SUPPLIED DATA:
--
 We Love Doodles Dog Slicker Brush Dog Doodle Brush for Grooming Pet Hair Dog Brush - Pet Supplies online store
--
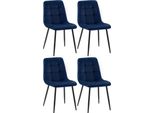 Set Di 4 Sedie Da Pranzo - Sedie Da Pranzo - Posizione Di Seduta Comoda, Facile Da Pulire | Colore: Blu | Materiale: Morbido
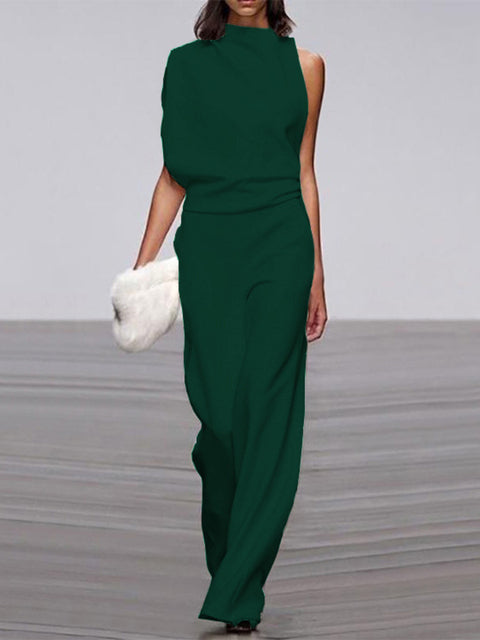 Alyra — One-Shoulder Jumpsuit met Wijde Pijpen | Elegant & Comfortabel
--
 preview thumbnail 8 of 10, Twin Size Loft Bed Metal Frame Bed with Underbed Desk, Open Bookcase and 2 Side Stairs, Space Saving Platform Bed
--
TASK PROMPT: From the records above, write out exactly the lines that begin at the line with "Set Di 4 Sedie" and end at the line with "Alyra — One-Shoulder". Pictures must not appear in the output.

ANSWER BELOW:
 Set Di 4 Sedie Da Pranzo - Sedie Da Pranzo - Posizione Di Seduta Comoda, Facile Da Pulire | Colore: Blu | Materiale: Morbido
 Alyra — One-Shoulder Jumpsuit met Wijde Pijpen | Elegant & Comfortabel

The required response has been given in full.